With my limited experience of attending the BPS annual meeting, I made certain observations of how biophysicists do things. Please feel free to let me know if my observations are inaccurate!
How to attend talks/poster sessions like a biophysicist?
Run! Just run across the halls, rooms and the ballrooms to make the most of the meeting while going through the schedule to see where to run next!
How to eat like a Biophysicist?
Spend time browsing through all the available food choices (for this meeting: at the Reading terminal market/Chinatown) and then quickly pack your lunch and run to the next talk. Alternatively you can find a nice place to sit and eat while going through the schedule book to figure out what events to attend.
How to walk like a Biophysicist?
Look cool while trying to juggle carrying your backpack, the BPS tote, assorted free stuff and a poster. And don’t forget your badge!
How to dance like a Biophysicist?
Get funky on the dance floor.
The last time that I was at the BPS Annual Meeting, I was an undergraduate and I was not present for all of the sessions. That being said, I still knew the first thing I wanted to do when I got to grad school was go back. One session I did not get to go to last time was the reception and dance. This year I was able to go and get down and boogie. That was my kind of party and if you see me walking a little stiff today just know that it’s because my calves are sore from last night. What could have made the night even better? How about a band composed entirely of Biophysical Society Members!
Working on SNARE? Now you’re a drum player!
Enjoy Single Molecule FRET? Lead guitarist!
Do you probe the intricacies of life using SAXS? Now you lead the horn section!
Advancing science with Photo-acoustics? Now you’re our singer!
After getting up at 6:30 for the past couple of days to make (amazing) morning lectures and staying late into the night for just as great night workshops, it was definitely fun to have a drink, dance to a great band, and lead a conga line or two. Hope you all enjoyed the party as much as I, and if my goal was to sweat out all my calories consumed in Philadelphia then I am sure I succeeded.
Well, here we are, we’ve made it to the final day of the conference! And for me, that means the day of reckoning has arrived… I give my presentation today!
My general tactic is going to be to stay hydrated (don’t want that dry mouth feeling), and most important, try to get excited. This is a tactic I developed earlier in graduate school to try to mimic the feeling I would get before tests: I would get excited and was overwhelmed with feelings of being totally prepared and ready to take this test on, so give it to me! Needless to say, this is a somewhat harder feeling to force, but the brain is quite a pliable object, and so I can believe it can be done. Instead of letting the nervous energy dissipate in jitters and shaking hands, etc, why not smile and dance!
Of course, it isn’t recommended to try this tactic In the actual presentation room, but I think you get the point. I’ll let you know how it all goes down afterwards, but for now, I’m going to come on, smile, get happy, do a little dance, and practice my slides another 50 times! See ya on the other side!

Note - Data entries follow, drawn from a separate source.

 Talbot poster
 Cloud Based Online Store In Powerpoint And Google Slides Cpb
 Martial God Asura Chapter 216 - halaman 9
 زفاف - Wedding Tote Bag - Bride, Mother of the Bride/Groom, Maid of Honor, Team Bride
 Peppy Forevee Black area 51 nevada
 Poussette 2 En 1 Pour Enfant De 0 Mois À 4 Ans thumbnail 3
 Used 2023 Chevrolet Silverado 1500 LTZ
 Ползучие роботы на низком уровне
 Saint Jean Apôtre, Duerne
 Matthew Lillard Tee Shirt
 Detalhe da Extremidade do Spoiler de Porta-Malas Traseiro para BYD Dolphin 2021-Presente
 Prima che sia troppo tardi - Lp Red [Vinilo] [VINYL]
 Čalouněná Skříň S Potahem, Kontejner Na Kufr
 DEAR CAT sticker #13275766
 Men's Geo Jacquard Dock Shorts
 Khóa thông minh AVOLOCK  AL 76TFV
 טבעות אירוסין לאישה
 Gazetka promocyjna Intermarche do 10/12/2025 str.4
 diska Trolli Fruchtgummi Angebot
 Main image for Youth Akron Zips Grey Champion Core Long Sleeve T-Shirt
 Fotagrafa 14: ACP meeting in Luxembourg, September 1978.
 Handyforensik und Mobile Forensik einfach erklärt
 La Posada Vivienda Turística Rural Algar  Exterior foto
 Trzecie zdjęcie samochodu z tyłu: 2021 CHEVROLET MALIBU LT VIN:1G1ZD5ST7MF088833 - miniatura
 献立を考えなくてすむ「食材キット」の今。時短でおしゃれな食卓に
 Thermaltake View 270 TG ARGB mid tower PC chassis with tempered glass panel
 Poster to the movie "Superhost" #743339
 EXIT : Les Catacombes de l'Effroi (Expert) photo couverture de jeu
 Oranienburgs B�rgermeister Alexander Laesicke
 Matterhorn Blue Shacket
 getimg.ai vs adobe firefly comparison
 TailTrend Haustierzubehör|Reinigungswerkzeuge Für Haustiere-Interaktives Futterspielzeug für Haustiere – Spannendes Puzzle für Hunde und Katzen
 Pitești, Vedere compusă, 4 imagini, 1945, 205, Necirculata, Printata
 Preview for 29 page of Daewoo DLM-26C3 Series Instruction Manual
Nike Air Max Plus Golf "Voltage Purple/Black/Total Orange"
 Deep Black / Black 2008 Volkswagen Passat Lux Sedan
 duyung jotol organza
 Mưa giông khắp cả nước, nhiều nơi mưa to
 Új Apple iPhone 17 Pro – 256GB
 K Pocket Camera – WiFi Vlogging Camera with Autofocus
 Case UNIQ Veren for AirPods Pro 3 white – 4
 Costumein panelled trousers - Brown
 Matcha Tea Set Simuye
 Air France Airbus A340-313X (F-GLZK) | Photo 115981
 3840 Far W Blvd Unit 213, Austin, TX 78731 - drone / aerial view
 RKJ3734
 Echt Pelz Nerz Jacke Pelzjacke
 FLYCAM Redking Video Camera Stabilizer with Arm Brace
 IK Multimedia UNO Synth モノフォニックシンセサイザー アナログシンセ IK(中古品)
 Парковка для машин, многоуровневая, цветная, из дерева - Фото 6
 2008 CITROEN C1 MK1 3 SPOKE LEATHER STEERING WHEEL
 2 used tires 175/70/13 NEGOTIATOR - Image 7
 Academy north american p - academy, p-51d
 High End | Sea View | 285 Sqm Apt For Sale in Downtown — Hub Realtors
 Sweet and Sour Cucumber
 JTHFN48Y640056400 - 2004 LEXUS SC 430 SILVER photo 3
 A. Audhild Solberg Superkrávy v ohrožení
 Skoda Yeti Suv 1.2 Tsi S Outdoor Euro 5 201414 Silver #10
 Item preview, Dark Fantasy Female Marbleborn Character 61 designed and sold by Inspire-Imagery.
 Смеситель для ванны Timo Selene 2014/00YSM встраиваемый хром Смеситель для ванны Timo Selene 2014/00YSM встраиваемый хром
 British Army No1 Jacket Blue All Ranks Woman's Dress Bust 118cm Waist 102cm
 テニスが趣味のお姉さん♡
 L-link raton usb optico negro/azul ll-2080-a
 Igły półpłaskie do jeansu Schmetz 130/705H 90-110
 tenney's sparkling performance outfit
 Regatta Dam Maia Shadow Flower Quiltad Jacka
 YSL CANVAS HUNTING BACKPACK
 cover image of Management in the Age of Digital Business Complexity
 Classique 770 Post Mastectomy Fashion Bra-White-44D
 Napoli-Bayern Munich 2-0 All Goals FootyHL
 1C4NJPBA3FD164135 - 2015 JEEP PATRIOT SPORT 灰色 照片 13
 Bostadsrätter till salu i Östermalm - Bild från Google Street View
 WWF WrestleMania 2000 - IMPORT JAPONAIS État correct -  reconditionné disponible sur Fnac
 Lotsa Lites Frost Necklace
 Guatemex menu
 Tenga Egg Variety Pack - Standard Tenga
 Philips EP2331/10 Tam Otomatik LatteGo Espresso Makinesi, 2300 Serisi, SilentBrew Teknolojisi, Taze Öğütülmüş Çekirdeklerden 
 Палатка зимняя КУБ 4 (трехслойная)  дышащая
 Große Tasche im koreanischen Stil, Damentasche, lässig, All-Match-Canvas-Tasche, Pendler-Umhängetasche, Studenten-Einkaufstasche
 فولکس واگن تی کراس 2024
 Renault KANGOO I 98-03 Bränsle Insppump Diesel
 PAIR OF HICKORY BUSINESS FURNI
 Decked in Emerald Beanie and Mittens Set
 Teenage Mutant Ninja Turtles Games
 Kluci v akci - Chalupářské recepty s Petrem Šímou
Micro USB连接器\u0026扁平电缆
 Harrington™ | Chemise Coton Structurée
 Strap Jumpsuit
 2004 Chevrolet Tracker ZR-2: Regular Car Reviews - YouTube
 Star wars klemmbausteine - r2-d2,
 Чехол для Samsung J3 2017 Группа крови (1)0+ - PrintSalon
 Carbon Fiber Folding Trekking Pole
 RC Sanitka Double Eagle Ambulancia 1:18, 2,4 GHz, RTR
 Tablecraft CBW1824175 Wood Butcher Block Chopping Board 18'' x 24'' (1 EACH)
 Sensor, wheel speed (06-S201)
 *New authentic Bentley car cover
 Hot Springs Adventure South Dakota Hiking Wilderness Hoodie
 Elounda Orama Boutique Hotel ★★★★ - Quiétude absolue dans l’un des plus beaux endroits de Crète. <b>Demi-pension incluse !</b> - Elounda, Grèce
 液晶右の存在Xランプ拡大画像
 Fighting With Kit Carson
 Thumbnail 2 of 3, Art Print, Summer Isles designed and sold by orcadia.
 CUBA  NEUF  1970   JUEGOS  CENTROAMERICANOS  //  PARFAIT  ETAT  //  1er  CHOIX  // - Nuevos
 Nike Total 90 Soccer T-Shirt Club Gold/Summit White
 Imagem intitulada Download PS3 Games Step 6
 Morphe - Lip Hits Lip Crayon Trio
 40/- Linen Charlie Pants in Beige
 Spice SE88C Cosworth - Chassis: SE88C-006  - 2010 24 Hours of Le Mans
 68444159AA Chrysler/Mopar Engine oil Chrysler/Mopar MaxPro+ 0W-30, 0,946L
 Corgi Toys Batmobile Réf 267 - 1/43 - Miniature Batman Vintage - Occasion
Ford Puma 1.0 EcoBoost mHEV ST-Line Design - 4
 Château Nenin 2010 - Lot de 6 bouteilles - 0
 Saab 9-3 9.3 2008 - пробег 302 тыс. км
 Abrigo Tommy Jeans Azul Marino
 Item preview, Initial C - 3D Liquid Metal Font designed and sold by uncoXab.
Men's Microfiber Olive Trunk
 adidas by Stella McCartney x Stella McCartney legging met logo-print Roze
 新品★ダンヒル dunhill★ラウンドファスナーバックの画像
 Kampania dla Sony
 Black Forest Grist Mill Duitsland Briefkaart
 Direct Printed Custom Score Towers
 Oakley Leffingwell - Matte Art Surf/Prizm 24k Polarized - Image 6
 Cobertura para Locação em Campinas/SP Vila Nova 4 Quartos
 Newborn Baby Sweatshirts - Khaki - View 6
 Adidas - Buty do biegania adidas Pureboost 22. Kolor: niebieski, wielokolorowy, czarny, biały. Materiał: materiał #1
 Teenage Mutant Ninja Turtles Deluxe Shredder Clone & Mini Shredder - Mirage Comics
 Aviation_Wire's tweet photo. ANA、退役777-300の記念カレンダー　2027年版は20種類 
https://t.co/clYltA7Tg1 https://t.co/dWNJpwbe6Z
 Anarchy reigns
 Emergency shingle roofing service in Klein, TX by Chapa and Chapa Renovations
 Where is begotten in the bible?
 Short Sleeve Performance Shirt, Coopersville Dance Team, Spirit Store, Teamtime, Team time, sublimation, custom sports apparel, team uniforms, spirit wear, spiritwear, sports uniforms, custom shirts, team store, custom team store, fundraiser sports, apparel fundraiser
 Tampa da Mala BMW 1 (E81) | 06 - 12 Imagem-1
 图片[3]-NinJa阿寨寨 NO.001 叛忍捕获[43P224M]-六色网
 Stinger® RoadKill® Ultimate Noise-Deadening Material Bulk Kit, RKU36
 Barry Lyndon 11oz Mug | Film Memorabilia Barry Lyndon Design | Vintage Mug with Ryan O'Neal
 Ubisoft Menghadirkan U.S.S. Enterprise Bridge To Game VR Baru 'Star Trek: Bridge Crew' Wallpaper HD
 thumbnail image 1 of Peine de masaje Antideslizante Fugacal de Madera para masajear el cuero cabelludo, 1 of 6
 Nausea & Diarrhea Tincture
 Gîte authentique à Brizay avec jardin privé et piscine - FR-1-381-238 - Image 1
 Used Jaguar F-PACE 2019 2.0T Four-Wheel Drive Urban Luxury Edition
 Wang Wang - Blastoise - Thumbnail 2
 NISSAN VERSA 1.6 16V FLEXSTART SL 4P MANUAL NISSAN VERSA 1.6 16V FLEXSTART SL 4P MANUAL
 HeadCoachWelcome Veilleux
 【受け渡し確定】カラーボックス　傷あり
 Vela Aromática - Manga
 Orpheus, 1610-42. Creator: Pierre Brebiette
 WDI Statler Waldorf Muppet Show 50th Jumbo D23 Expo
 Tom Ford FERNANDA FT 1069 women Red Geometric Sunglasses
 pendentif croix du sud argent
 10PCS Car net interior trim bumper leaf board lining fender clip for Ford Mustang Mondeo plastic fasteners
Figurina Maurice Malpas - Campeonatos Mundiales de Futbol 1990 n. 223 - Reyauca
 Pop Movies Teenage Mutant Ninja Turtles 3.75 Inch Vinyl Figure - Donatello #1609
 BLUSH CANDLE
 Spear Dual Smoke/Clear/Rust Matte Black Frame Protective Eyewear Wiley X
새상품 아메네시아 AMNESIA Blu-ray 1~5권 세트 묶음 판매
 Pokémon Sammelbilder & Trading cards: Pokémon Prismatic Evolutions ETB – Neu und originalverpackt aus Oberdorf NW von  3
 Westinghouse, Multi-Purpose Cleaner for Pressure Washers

For some brief respite from the onslaught of awesome science, I took the opportunity to visit the Biomolecular Discovery Dome (Hall C) – a portable exhibit, sponsored by the Public Affairs Committee. The dome, which resembles a black Styrofoam igloo, is designed to be taken into schools and teach high school students about a variety of difficult-to-grasp topics, from HIV replication to ribosomes.
In the UK we are seeing a rapid increase in demand from the public for science outreach. The Science, Technology, Engineering and Maths Network brings experts from various disciplines into the public eye with school workshops, public lectures and events. Organisations such as these, as well as the week-long Cambridge Science Festival, are both significant demonstrations of the public’s thirst for knowledge. This demand places the scientists willing to communicate their research at a critical interface between the lab and the lecture hall.
The discovery dome is a well executed example of how public engagement can inspire the next generation of bioscientists and galvanise other members of the public to learn more about the world around them. The dome will be going on the road later this year so go and have a look!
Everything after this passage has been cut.